Without the images, reproduce each line of the material exactly.

<<<<

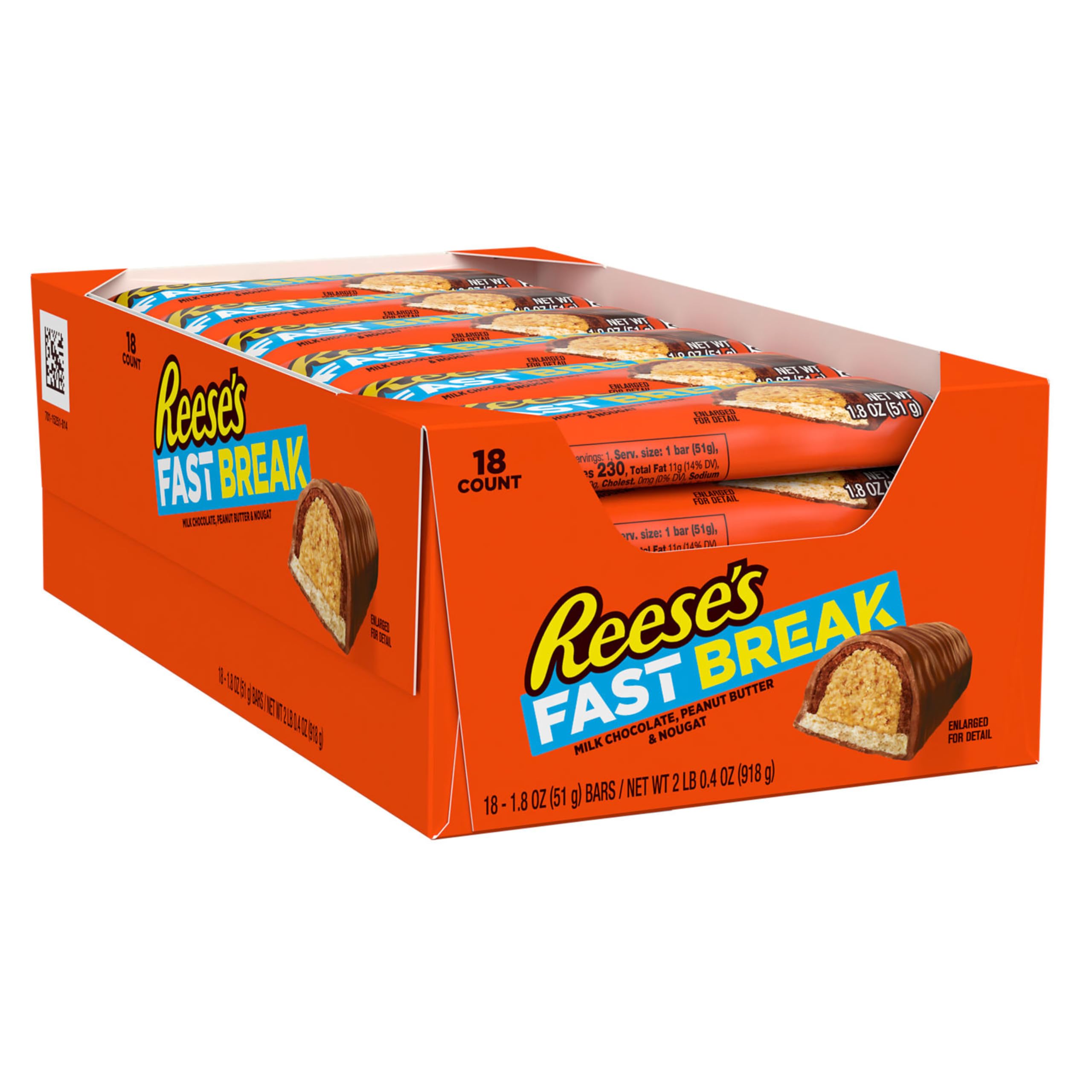 REESE'S primer plano de la textura del nougat y relleno creando sensación apetitosa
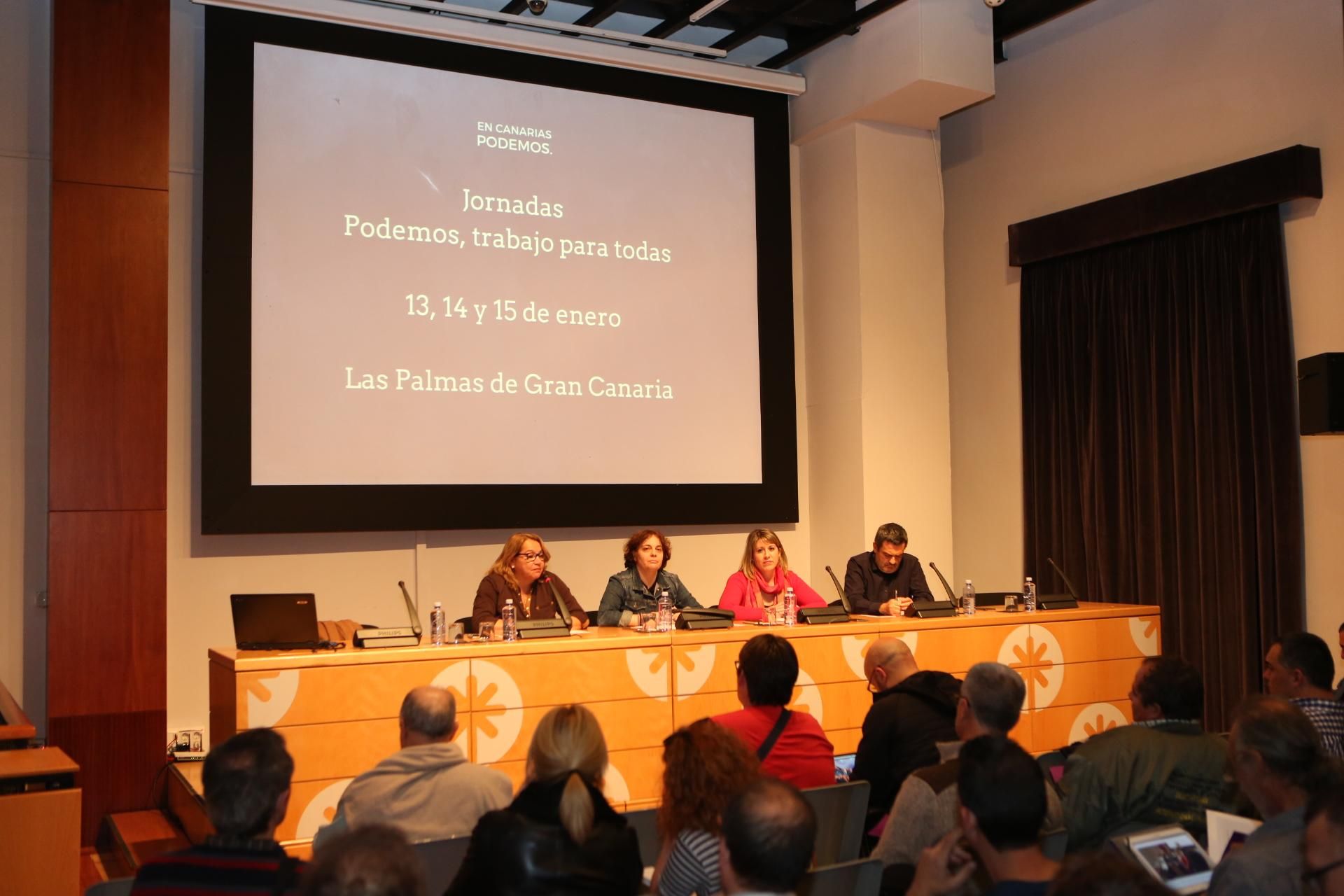 Celebración de las jornadas 'Podemos, trabajo para todas' (ALEJANDRO RAMOS)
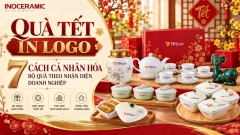 100+ Quà Tết in logo giúp cá nhân hóa bộ quà theo nhận diện doanh nghiệp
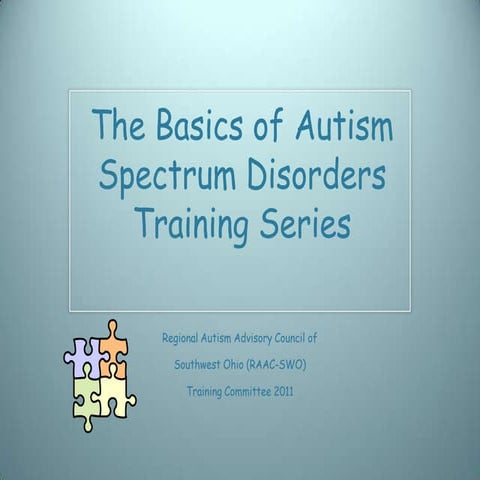 School training module seven,autism and sensory differences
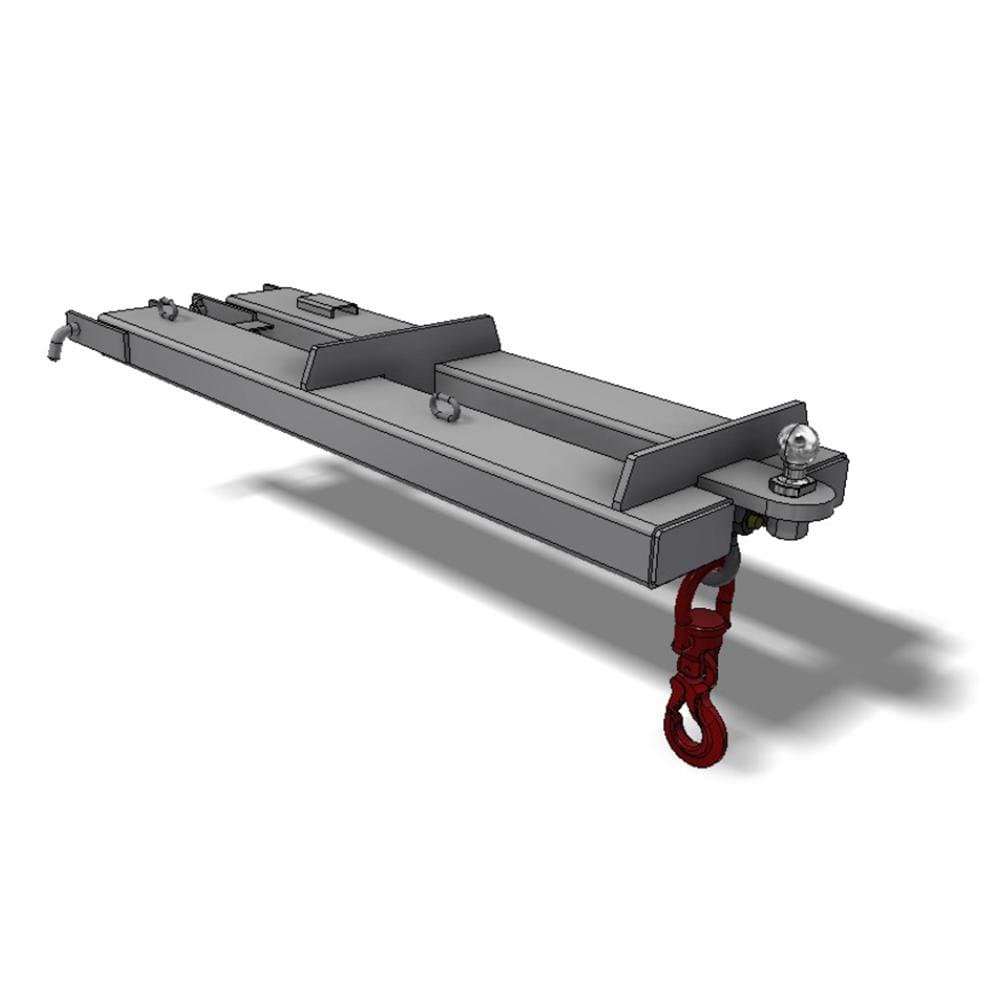 DHE 2-Tonne Tow Unit & Lifting Crane Forklift Attachment - DHE - Ramp Champ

>>>>

OUTPUT OF THE EXERCISE ▸
 REESE'S primer plano de la textura del nougat y relleno creando sensación apetitosa
 Celebración de las jornadas 'Podemos, trabajo para todas' (ALEJANDRO RAMOS)
 100+ Quà Tết in logo giúp cá nhân hóa bộ quà theo nhận diện doanh nghiệp
 School training module seven,autism and sensory differences
 DHE 2-Tonne Tow Unit & Lifting Crane Forklift Attachment - DHE - Ramp Champ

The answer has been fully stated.